This chapter builds on previous work in which three ideation strategies (i.e., embodying symbols, forced choices and behavioural barriers) were proposed that could be used to trigger emotional dilemmas as a means to design for provocation (Ozkaramanli & Desmet, 2016). Implementing these strategies in idea generation revealed that designers, who are trained in a creative problem-solving type of tradition, may find it challenging to adopt the nature of reasoning necessary to design for provocation (Ozkaramanli & Desmet, 2016). This outcome indicates that critical design approaches require a distinct mindset and skills, as suggested by Dunne and Raby (2013, p. 34): ‘It [critical design] was more of an attitude than anything else, a position rather than a methodology’. This chapter is a step towards uncovering what that critical mindset can be and the role of dilemmas in supporting it.

Critical design vs criticality in design

Critical design, a term originally coined by Dunne and Raby (2013), emphasises a distinction between ‘affirmative’ design practices that reinforce the status quo defined by global capitalism and ‘critical’ design practices that subvert this status quo. The main intention of critical design is to examine and critique design through design, i.e., to critique market thinking that dominates existing design practices through hypothetical design concepts that embody this critique. This is a noble and valuable intention that can be expanded upon in a number of ways.

First, the emergence of wellbeing-oriented design approaches has blurred the affirmative/critical divide. Many examples of wellbeing-oriented design prioritise individual and societal wellbeing over profitability (see Desmet, Pohlmeyer & Forlizzi, 2013). In that sense, design for wellbeing practices can be considered critical to the extent that they reassess design’s priorities, and affirmative to the extent that they can be commercialised and adopted by the masses. Related to this, Bardzell and Bardzell (2013, p. 8) noted: ‘A design is critical inasmuch as some aspect of it critiques the status quo, and it is affirmative inasmuch as it affirms the status quo; that is, any given design may be both affirmative and critical.’ Second, criticality consists of a multitude of perspectives that go beyond global capitalism.
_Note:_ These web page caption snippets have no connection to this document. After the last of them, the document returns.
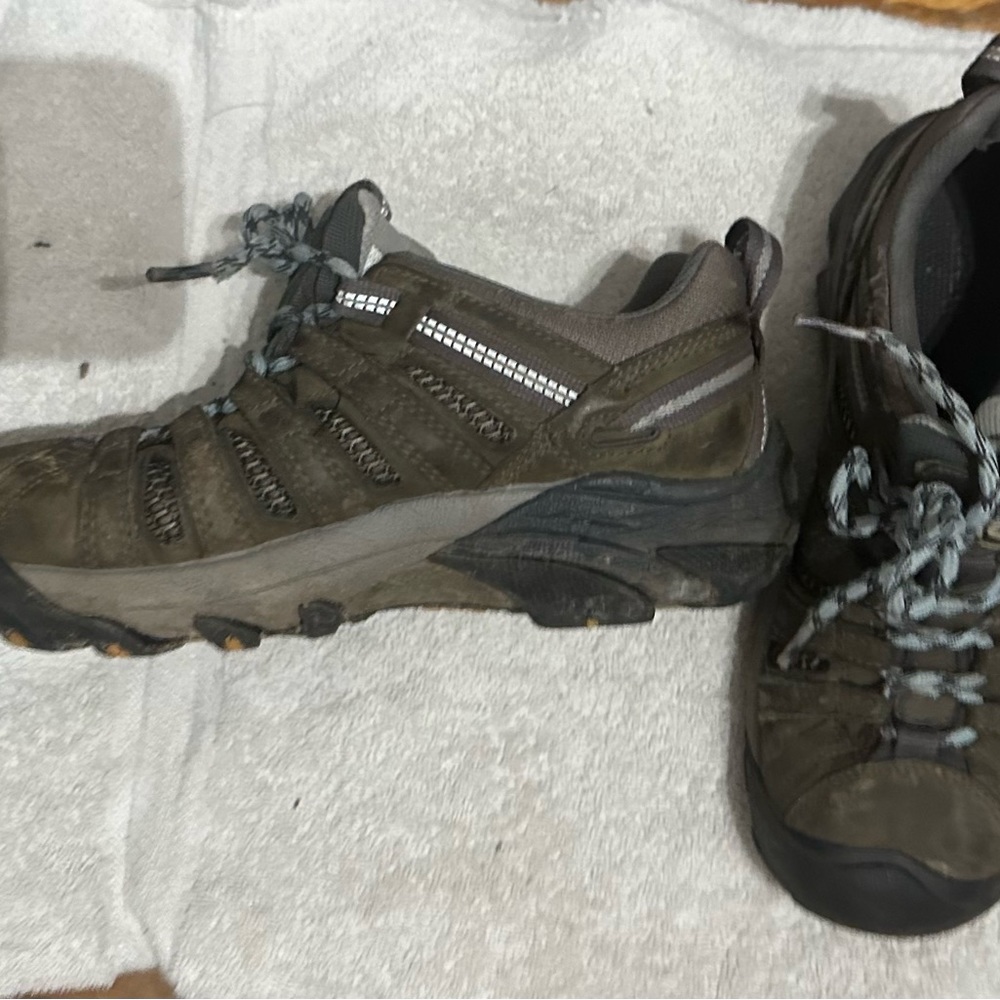 Keen women’s shoes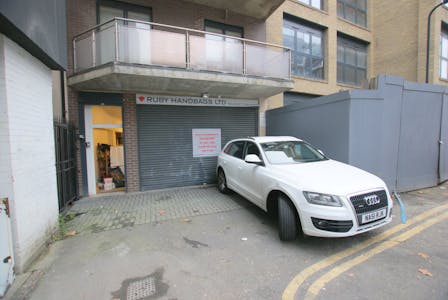 71-73 Hackney Road, London, Retail To Let - DSC03323.png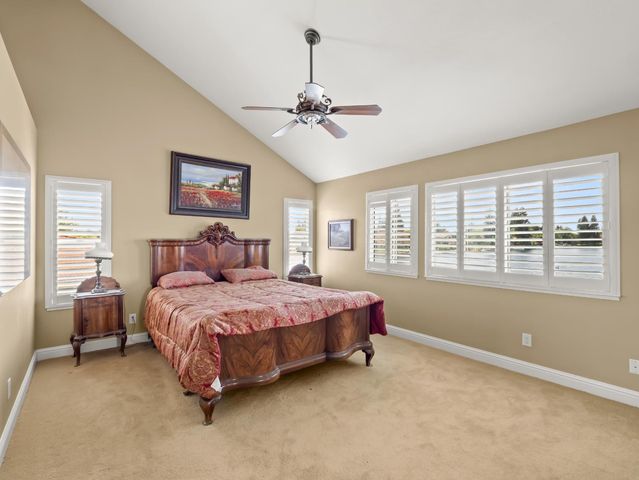 859 E Catalina Circle, Fresno, CA 93730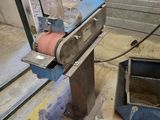 a machine that is sitting on the floor in the garage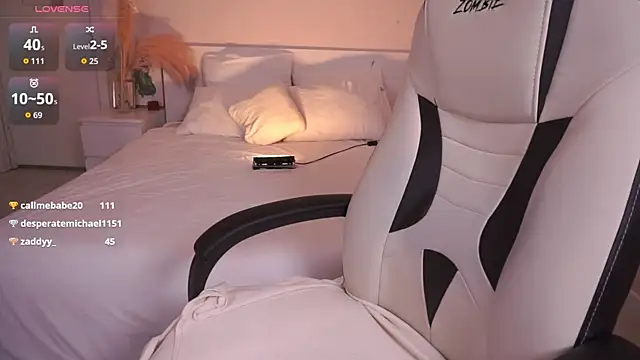 Ooops Boobss online show from 04/04/26, 03:09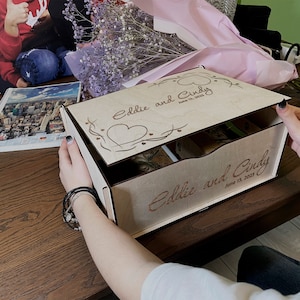 This personalized wooden keepsake box is an ideal gift for couples, engagements, weddings, anniversaries and more. Valentines day gift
When reformulating critical design approaches, Bardzell and Bardzell (2013) proposed a more holistic understanding of critical thought, borrowing from critical theory and literary criticism. Among these are matters of gender, race, class, sexuality, religion, education and other social dynamics (Tyson, 2014). These critical perspectives can be leveraged to a wide range of design practices, including those in design for wellbeing. As a result, criticality is a way of thinking that can infuse and enhance any design activity (versus being a specific method or a style of designing).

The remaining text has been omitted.